- _DATA PROVIDED_:
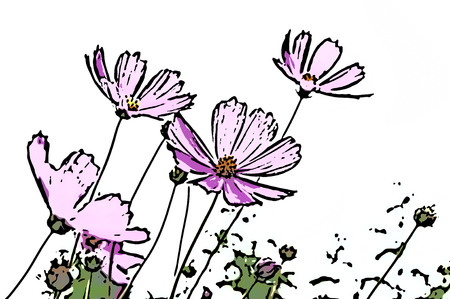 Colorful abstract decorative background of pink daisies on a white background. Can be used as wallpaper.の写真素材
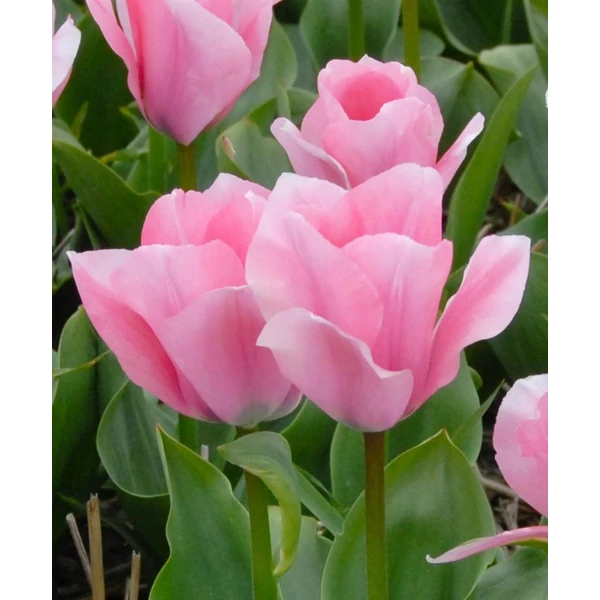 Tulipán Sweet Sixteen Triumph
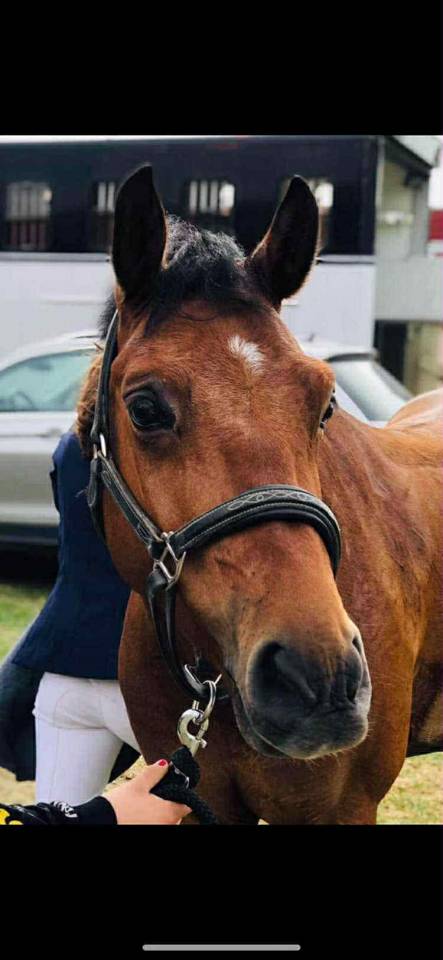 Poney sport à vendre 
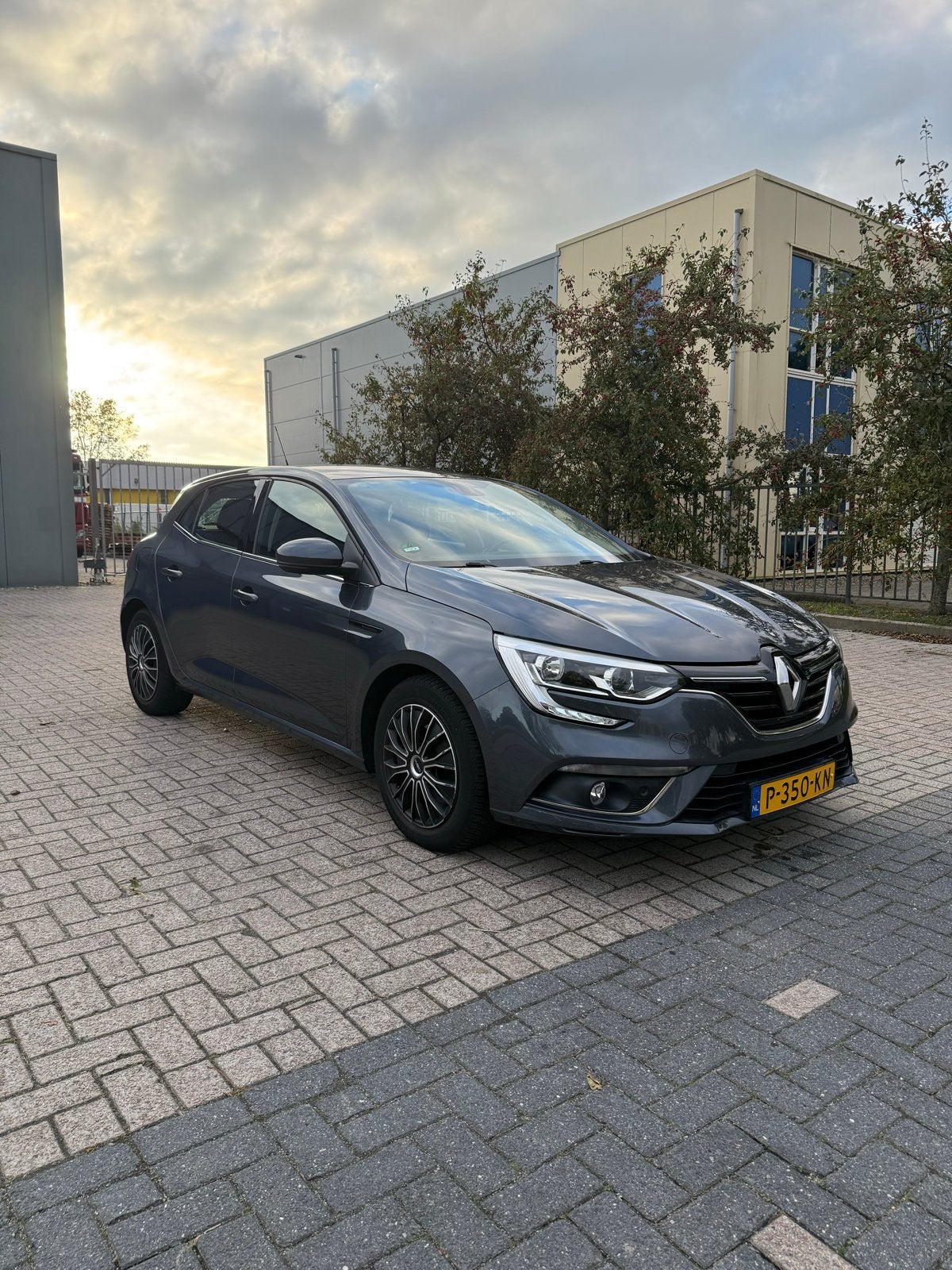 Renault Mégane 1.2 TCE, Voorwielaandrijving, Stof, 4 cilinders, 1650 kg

- _TASK PROMPT_:
Please print everything in the material exactly, apart from the pictures.

- _EXPECTED OUTPUT_:
 Colorful abstract decorative background of pink daisies on a white background. Can be used as wallpaper.の写真素材
 Tulipán Sweet Sixteen Triumph
 Poney sport à vendre 
 Renault Mégane 1.2 TCE, Voorwielaandrijving, Stof, 4 cilinders, 1650 kg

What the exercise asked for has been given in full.